An old man labeled “Sabbatarian Bigot,” dressed as a Puritan, holds a book labeled “Blue Laws” and stands in front of “Niagara Falls.” A man walking with his wife and child suggests that the old man will be no more successful at stopping Niagara Falls, than he will be at preventing the Pan-American Exposition from opening on Sunday. A nearby sign states “Pan-American open on Sunday by order of Supreme Court.” In the background, hordes of people stream through the open gates to the Exposition.
comments and context
Comments and Context
Church groups and denominational spokesmen lobbied the Pan-American Exposition in Buffalo to “respect the Sabbath” and close the fair on Sundays. This had been a controversy during the Columbian Exposition in Chicago in 1893, but the Sabbatarians had more success with the Buffalo fair.

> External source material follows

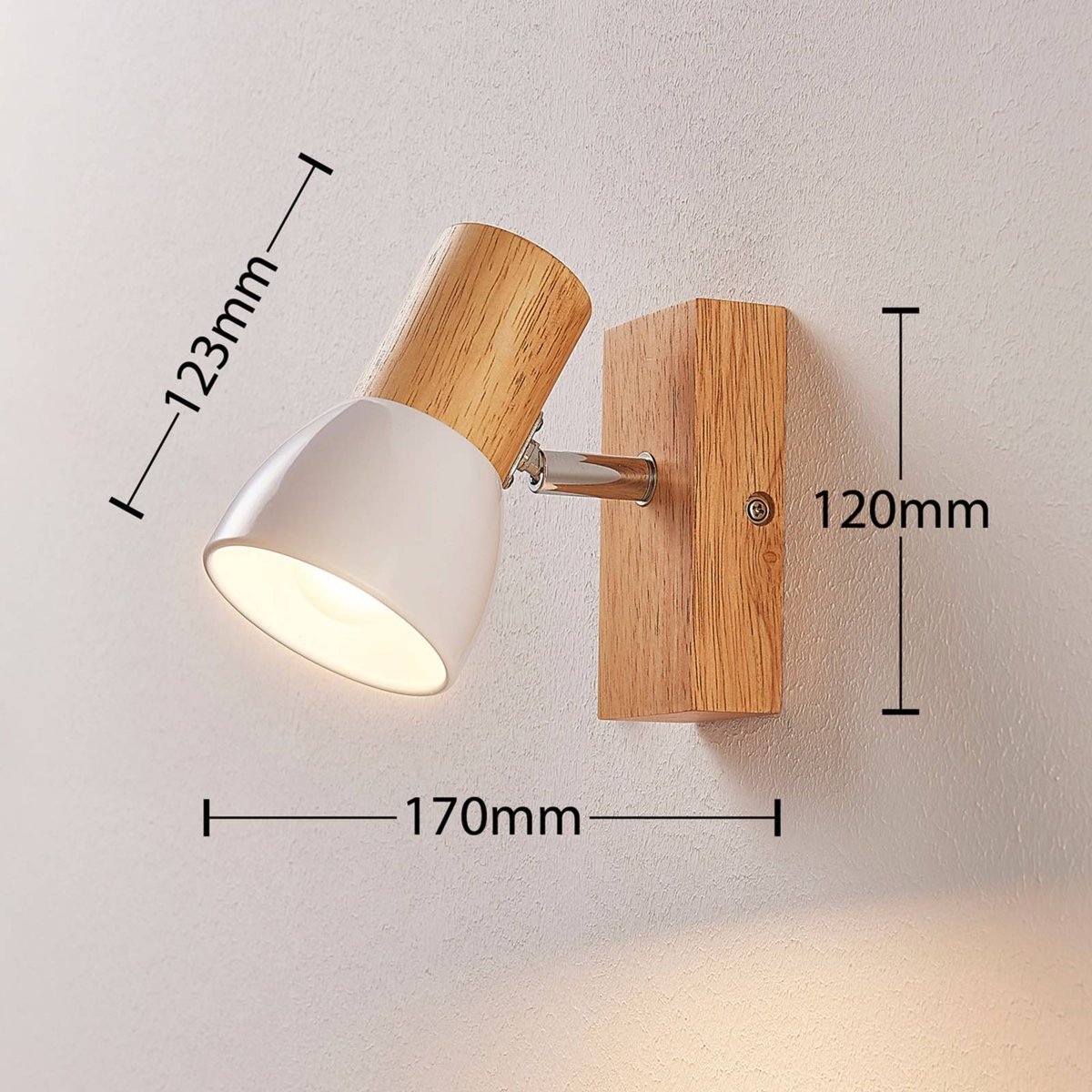 Applique en bois scandinave, Thorin bois clair, blanc, LINDBY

Operating between April and October 1901, the fair opened on Sundays at half-price admission for barely a month, due to heavy complaints from concessionaires. The courts, when the controversy resulted in litigation, decided in favor of the fair’s owners, closing gates on Sundays. The “opening” on the sign in Puck‘s cartoon was a short-lived victory. Ultimately, and in spite of popular plaudits and 8-million visitors, the Exposition was a financial disaster. Even with the Sunday closures, its major income was derived from concession fees. John G. Milburn was President of the Pan-American Exposition, and hosted President William McKinley at his house, where, after McKinley’s death at an assassin’s hand, Theodore Roosevelt took the oath of office.